Le Brun paintings Liverpool Cathedral
To photograph for Art and Christianity Enquiry's Ecclesiart project the paintings, The Prodigal Son and The Good Samaritan, by the artist Christopher Le Brun which currently hang in the Western bay of the Choir in Liverpool Cathedral.
The paintings are hung above the Choir stalls, one on the North side and one on the South side.
The top tier of the Choir stalls are recessed under stone canopies beneath the organ galleries, this puts the centre of the paintings for lighting purposes approximately four metres above floor level in the Choir.
No matter what the ambient light levels in the Cathedral there isn’t enough light to photograph the paintings, and the artificial lighting mounted under the stone canopies is pitiful both in coverage and quality.
The paintings are oil on canvas and varnished, they are large works of art measuring 4.48 metres by 2.44 metres, no amount of diffused or soft lighting would get rid of the almost mirror like reflectiveness of the paintings
The paintings would be photographed under polarized light with a polarizing filter also on the camera lens, this technique is known as cross polarization.
A Profoto 4800 power pack was placed on the Choir floor opposite one of the paintings. Connected to this pack were two Proheads each mounted on individual Manfrotto Autopoles. Fitted to each head a filter holder with polarizing gel and next to that an Arri S4 spun diffusion filter to both soften the light and to help protect the polarizing gel from the heat of the modeling lamp.
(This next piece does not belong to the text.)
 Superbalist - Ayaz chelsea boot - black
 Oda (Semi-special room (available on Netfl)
The Autopoles were positioned at about 45º to the painting as in typical copy set-up and extended to full height positioning the Proheads on the centre line of the painting, also the gel holders holding the filters had to be exactly the same orientation as each other.
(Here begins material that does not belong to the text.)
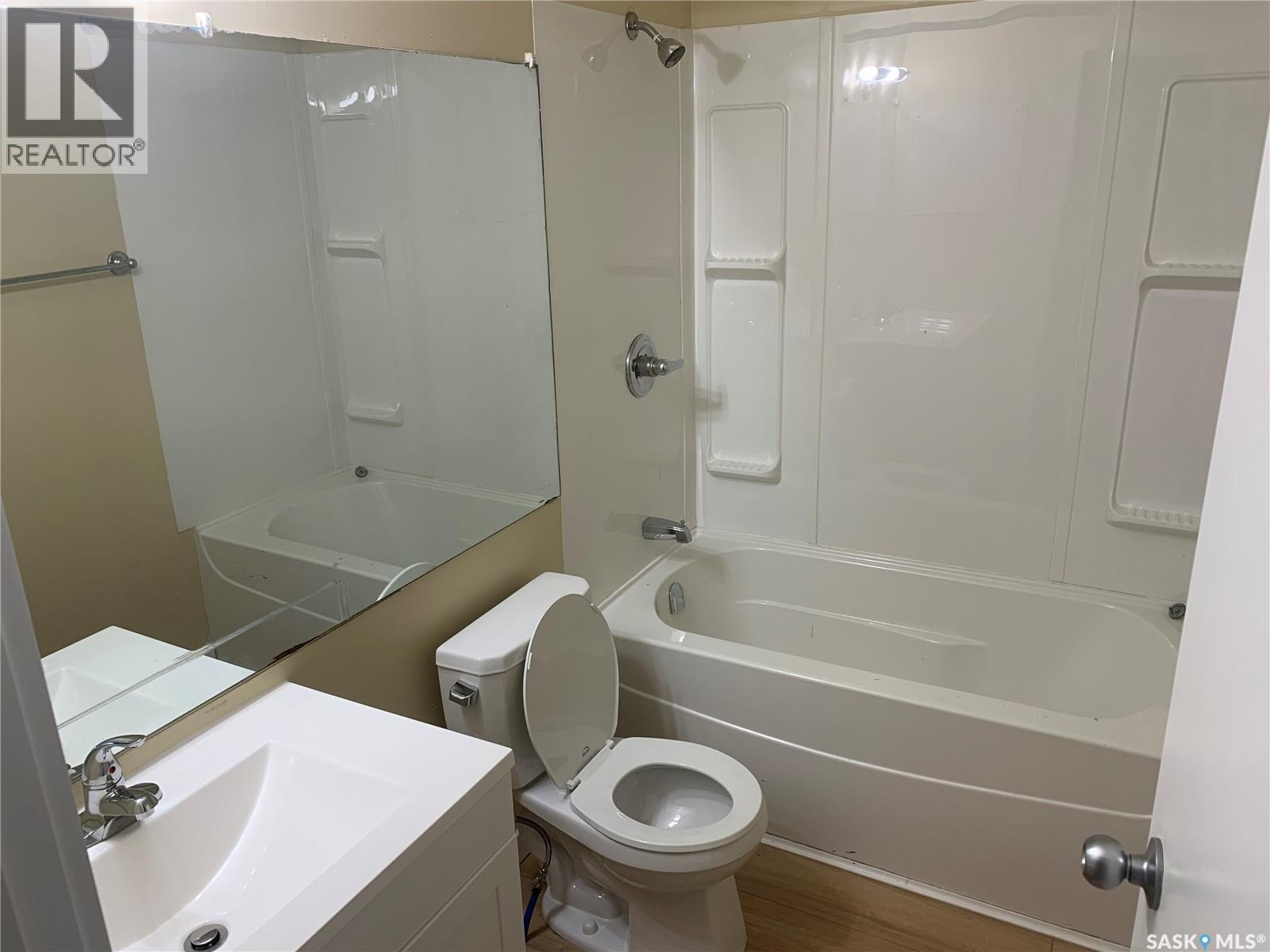 111 M Avenue S Property Photo 5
To get the camera level with the painting it was setup under the opposite painting looking across the choir space. Circular polarizing filters do not have a strong enough effect so a linear polarizing filter was used, this meant that the autofocus couldn’t be trusted so after manual focusing the polarizing filter was carefully placed on the lens.
The modeling lamps could only be on for a few seconds while the polarizing filter was rotated to eliminate the reflectiveness of the paintings. The two systems, flash and camera, where linked together using a radio slave set.
All that remained was to reverse the whole process to photograph the second painting, a wonderfully accurate tiled floor helped to speed the placement of the lighting stands, so accurate in fact that measurements made at the painting with a handheld lightmeter where identical to the original setup!
Above is a shot of The Good Samaritan using just flash without any polarization at all to show how reflective the painting surface is.
Above The Good Samaritan and below The Prodigal Son are the finished shots showing how both paintings look when photographed using cross polarization.